I used csv to mock your data, and here is what I ended up with:

45%20PM

csv 
  "timestamp,count_active,count_inactive 
  2019-05-01 00:00:00, 176, 100
  2019-05-02 00:00:00, 96, 67
  2019-05-03 00:00:00, 126, 53"
| alterColumn count_active type="number"
| alterColumn count_inactive type="number"
| ply 
    by="timestamp" 
    expression={csv 
     data={string 
       "count_type,count
       " "active," {getCell "count_active"} "
       " "inactive," {getCell "count_inactive"} "
       " "total," {math "count_inactive + count_active"}
      } 
    }
| alterColumn "count" type="number"
| alterColumn "timestamp" type="date"
| pointseries x="timestamp" y="count" color="count_type"
| plot 
    defaultStyle={seriesStyle lines=1 fill=1} 
    palette={palette "#01A4A4" "#CC6666" "#D0D102" "#616161" "#00A1CB" "#32742C" "#F18D05" "#113F8C" "#61AE24" "#D70060" gradient=false}
| render

And a stacked version:

39%20PM

csv 
  "timestamp,count_active,count_inactive 
  2019-05-01 00:00:00, 176, 100
  2019-05-02 00:00:00, 96, 67
  2019-05-03 00:00:00, 126, 53"
| alterColumn count_active type="number"
| alterColumn count_inactive type="number"
| ply 
    by="timestamp" 
    expression={csv 
     data={string 
       "count_type,count
       " "active," {getCell "count_active"} "
       " "inactive," {getCell "count_inactive"} "
       " "total," {math "count_inactive + count_active"}
      } 
    }
| alterColumn "count" type="number"
| alterColumn "timestamp" type="date"
| pointseries x="timestamp" y="count" color="count_type"
| plot 
    defaultStyle={seriesStyle lines=1 stack=1 fill=1} 
    palette={palette "#01A4A4" "#CC6666" "#D0D102" "#616161" "#00A1CB" "#32742C" "#F18D05" "#113F8C" "#61AE24" "#D70060" gradient=false}
| render

You should be able to replace the first 3 functions: csv and the two alterColumns with your datasource to achieve a similar chart.

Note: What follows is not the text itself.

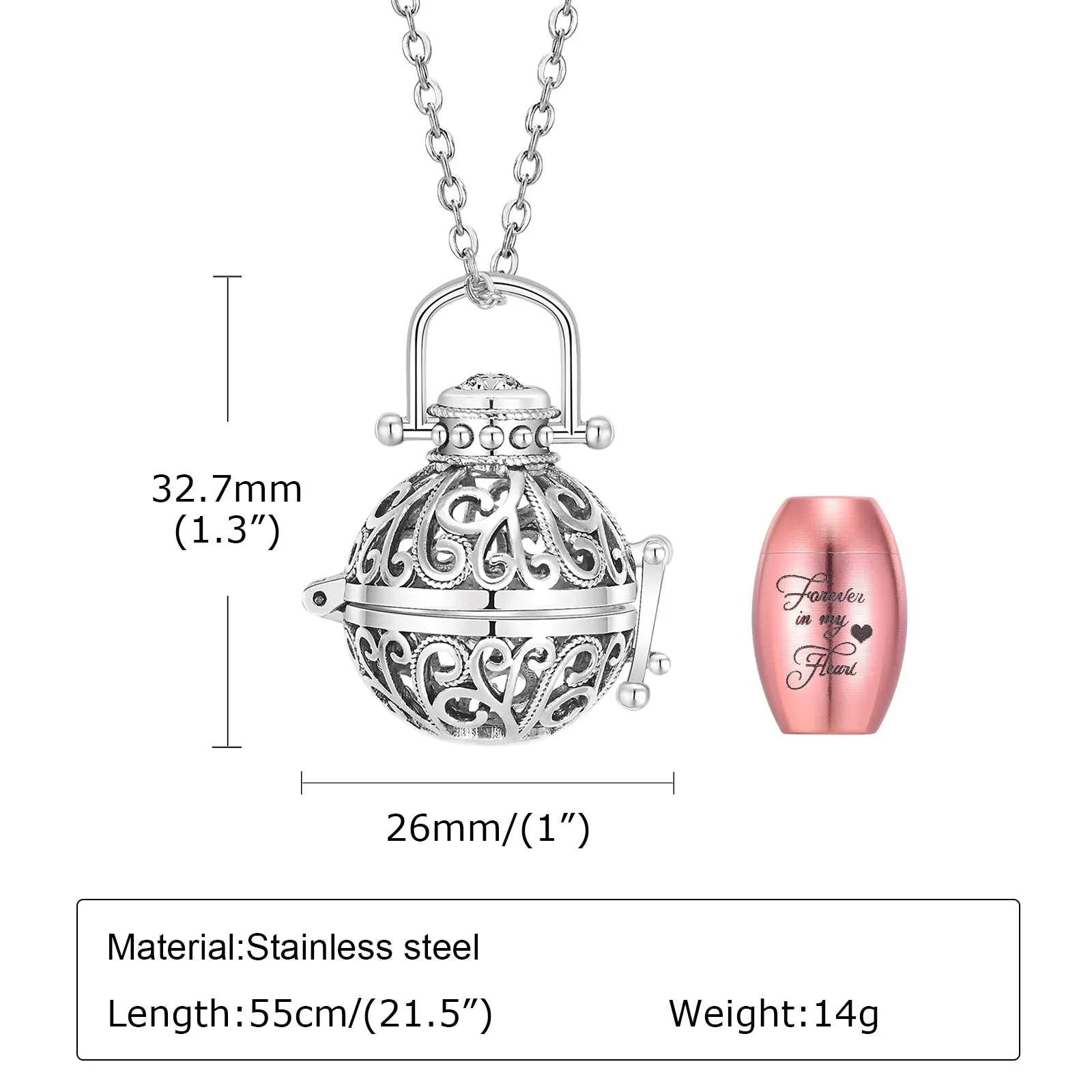 Hollow Ash Pendant Necklaces for Men Women,Floral Textured Cremation Urn Necklaces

The important (and hacky) piece is this:

ply 
    by="timestamp" 
    expression={csv 
     data={string 
       "count_type,count
       " "active," {getCell "count_active"} "
       " "inactive," {getCell "count_inactive"} "
       " "total," {math "count_inactive + count_active"}
      } 
    }

which uses ply to group your datatable by the timestamp and maps your count_active value to a row with count_type:"active" and count: 176, your count_inactive value to a 2nd row with count_type:"inactive" and count: 100 for each unique timestamp, and the sum of count_active and count_inactive to a 3rd row with count_type: total and count:276.

1 Like

Hacky indeed, but does the job until I can change the format of the data. Thanks!